Programs exclusively tested on a 3G S will look and play terrible on a 3G and even an iPod touch! With 40 million devices out there, that's not an insignificant number of devices. There are half a million 3G S phones pre-ordered, so the potential audience with slower devices is about 80 times as large ;)
#4
06/20/2009 (5:06 pm)
Doubling in speed is a very good thing long term. Eventually the 3GS will be the majority of those 40 million and it'll be what we target. I'm still targeting the 3G for the foreseeable future with possible 3GS features as optional for those with 3GS (like higher quality graphics etc).

There's talk about using a dual core ARM processor for the next iphone. That will be awesome.
#5
06/20/2009 (9:17 pm)
Unsure if the speed gain is really that good.

Giving that other iphone engines jumped from 25 to 60, it does show that there is a lot of potential currently burned through with iTGB that we are either unaware for our own optimization or that is actively burnt through by iTGB internally out of our control.


Also a dualcore cpu won't help iTGB much.
No torque engine available today is capable of using multiple cores usefully and TGB (thus iTGB), a descendant of TGE, is lightyears away of beeing able to do anything with it at all other then thread-locking two cpus instead of one.
The technology was written with single core, single command execution hardware in mind and first needs to be upgraded to the point where it is capable to work nicely with single core, multi command execution environments (nicely means, that the top 4 spots in instruments are no longer lock and lock releases as it is right now)
#6
06/21/2009 (3:39 am)
I don't think that the majority of the 40 million users will become 3G S owners - I think that we'll just get another 40 million with 3G S over the next couple of years. Lots of people have a phone/iPod that's working just fine, and they're sticking to that. Nerds who want the latest hardware are in a minority among iPhone users (from a sample of 10+ acquaintances and family members ;).

Some people using ad services have said the uptake of 3.0 among iPod touch users is miserable so far (4% in one developer's case), while iPhone users are so-so (25%), despite it being a free upgrade.
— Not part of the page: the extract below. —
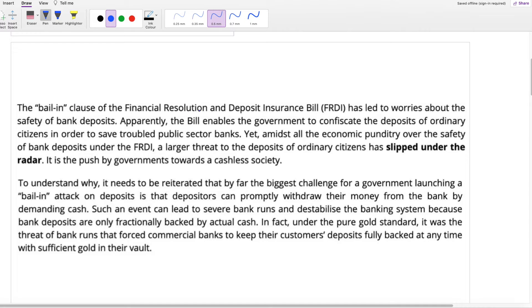The bail-in clause of the Financial Resolution and Deposit Insurance Bill has led to worries about the safety of bank deposits. Apparently the bill enables the government to confiscate — confiscate means seize — the deposits of ordinary citizens in order to save troubled public sector banks.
Also remember that many people who have an iPod touch have only that, because they're happy with it. We won't see 3G S-level hardware for it until September/October, probably.

There's probably also a limit to how many 3G S devices Apple can produce until the end of the year. Can they churn out a million per month? Do they have that many pre-orders?

Apple developers suggested that people target everything in one program, rather than making programs targetted at only one level of hardware. Build with the 3.0 SDK, set the deployment target as low as you want, and use conditional code to toggle between 2.x/3.0 code and Open GL ES 1.1/2.0. You can also ask Cocoa objects if they support a specific method, which is even better than checking what OS version you're on.

I think that's the path iTorque should take. Check for availability of features, expand to make use of the available hardware. The engine could of course use some optimisations, too :)

It would be really nice for us developers if everybody upgraded straight away, though. I'd love to have some room to load things into memory without carefully killing off old objects.
#7
06/21/2009 (3:55 am)
Perhaps it would be a nice incentive if we put "Experience/Enhance this game with an iPhone 3GS" banner on the bottom of your title screen or App Store description.

#8
06/21/2009 (5:37 am)
You can not toggle to 2.0 if you target 2.x as you don't have the 3.x frameworks at hand required to do that.

to toggle between all the things you need to target at least OS 3.

But I agree on the general path.
It needs to adapt to additional things present on startup, not on a hardcoded base (similar to the extension detection present in torque)
#9
06/21/2009 (11:52 am)
Yes, build with SDK 3.0, to SDK 3.0, deployment target minimum 2.whateveryouneed (like Apple recommend in these cases).